"When you see something that in your heart you know is not right, you've got to do something about it," he said.
His children, too, live outside the state.
The Democrats are scrappers, too. Again, only a sampling:
House Speaker Rick Thompson, whose father was killed in a mine accident, was raised by his grandparents.
He went to Marshall for a year, ran out of money, worked a summer railroad job, served two years in the Army, and went back to finish Marshall and law school in four years.
Treasurer John Perdue grew up in humble circumstances in Dog Fork Hollow in Boone County. The trajectory of his life changed when a teacher recognized his brother Roger's potential and headed him toward college. That changed his siblings' lives, too.

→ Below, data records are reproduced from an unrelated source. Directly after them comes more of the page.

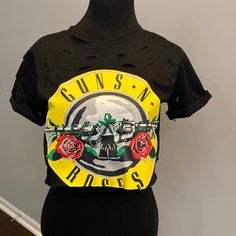 Guns N Roses Crop Top T-Shirt. Brand New W No Tags. Size Medium Summer Graphic Tee With Rose Print, Trendy Black Top With Rose Print, Black Cotton Tops With Rose Print, Rebellious Graphic Print Tops For Spring, T Shirt Brand, Top T Shirt, Shirt Brand, Crop Top, Roses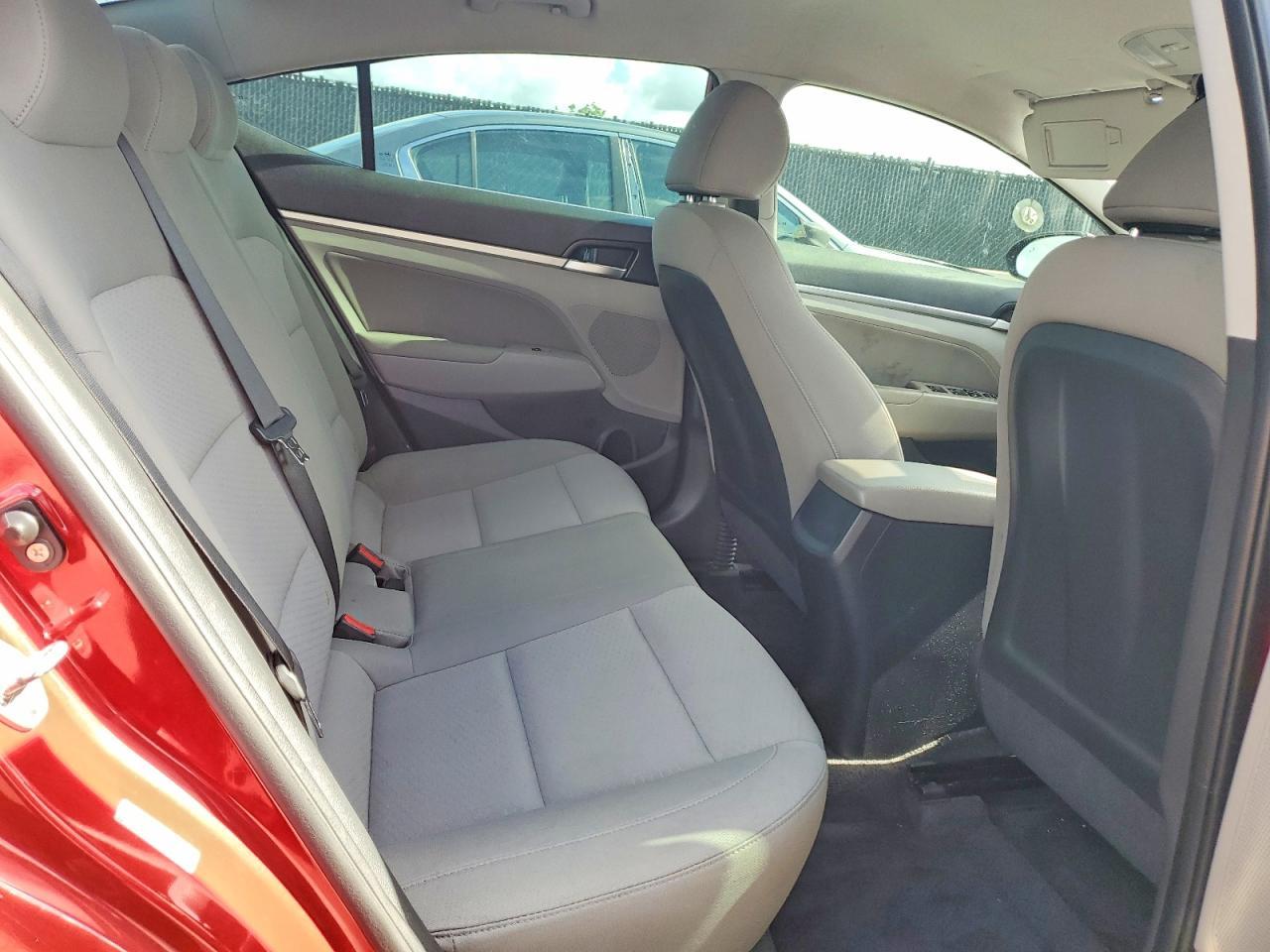 2020 Hyundai Elantra Sel - zdjęcie 10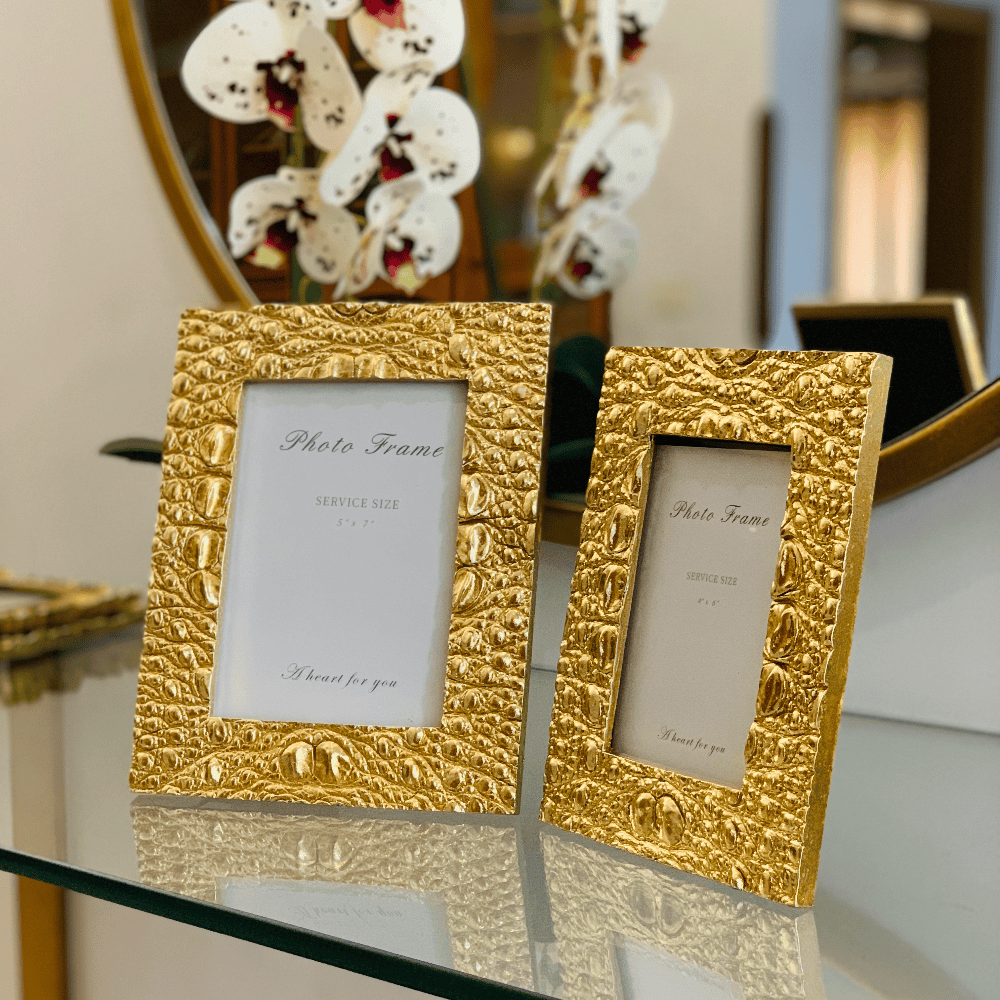 GOLDEN PHOTO FRAME (SET OF 2)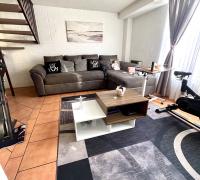 Amplio y acogedor living.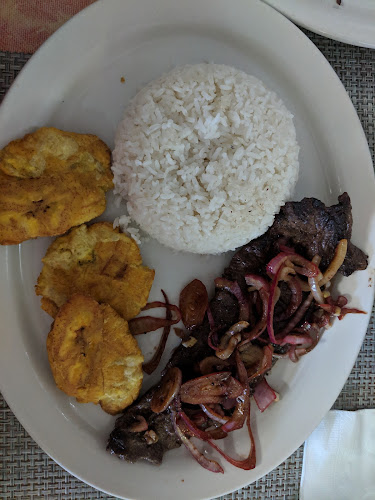 Las Hermanas Cafeteria & Market - Hospitality and gastronomy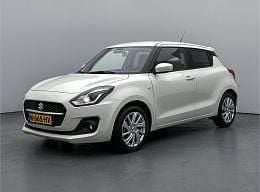 Wit, metallic lak Gebruikt 2021 Suzuki Swift Hatchback | € 16.445 (Eerlijke prijs) - Afbeelding 1/3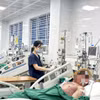 Bệnh nhân mắc thủy đậu trong tình trạng nặng đang điều trị tại Bệnh viện Bệnh Nhiệt đới Trung ương. (Ảnh: PV/Vietnam+)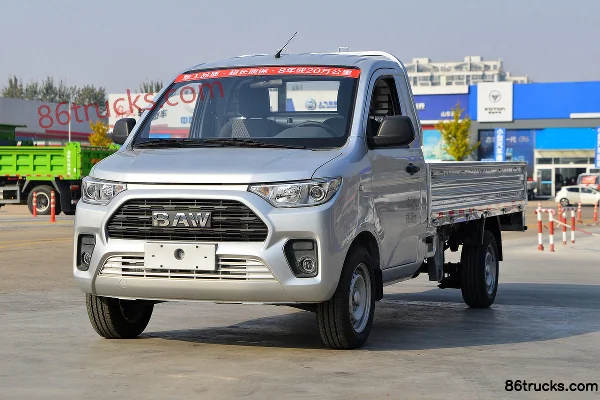 BAW Jingka T6 Luxury Edition 2.0L 133 hp 4X2(6 wheels) Gasoline 3.15m Single Row Stake Mini Truck (China VI) Exterior (3) | 86Trucks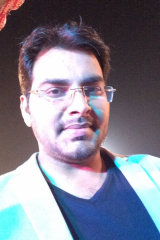 Narendra - Anchor in Delhi | www.dazzlerr.com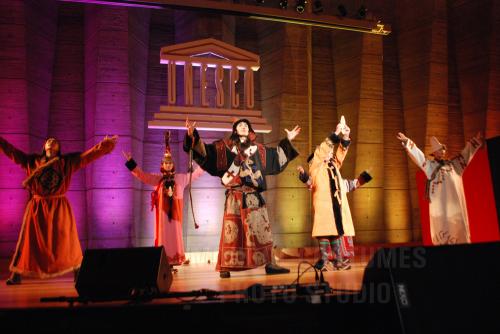 Mongol Costumes (1)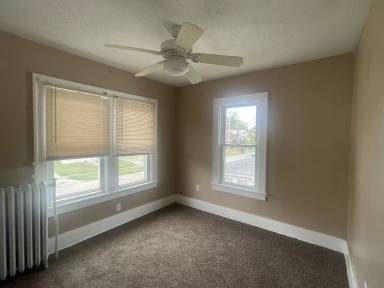 Main picture of 53 Russell Ave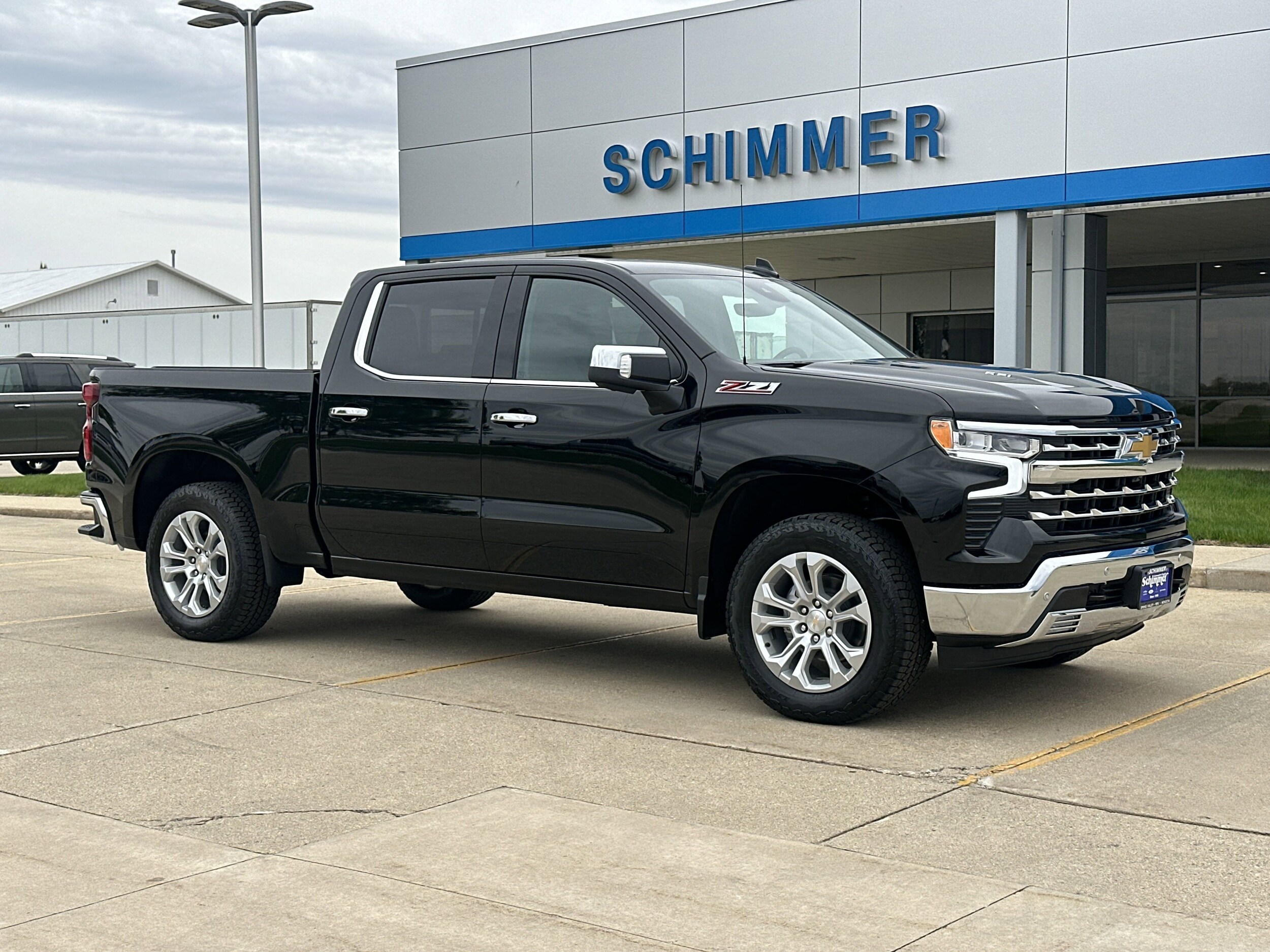 2025 Chevrolet Silverado 1500 LTZ photo 2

Secretary of State Natalie is the youngest of seven children who grew up on a farm in Marion County. They all knew they had to pull their own weight.
She didn't get a graduation present. Graduation was expected of her.
Acting Senate President Jeff Kessler grew up among the coal miners and steelworkers of Marshall County listening to "the sound of the trains running and whistles blowing and the steel mills working and the people humming."
When he went to college, what he noticed was the quiet.
Acting Gov. Earl Ray Tomblin remembers drawing water from a well and making trips "down the path" for certain functions.
A teacher at Chapmanville High School headed him into public service. Like some of the others, Tomblin was the first in his family to go to college.
All these people deserve respect. Agree or disagree with what they propose, do recognize that some people work a lot harder to make democracy work than others do.
I hope, next cycle, that more people make more effort to attend meet-the-candidate meetings.
The right question can make it more interesting than you expect.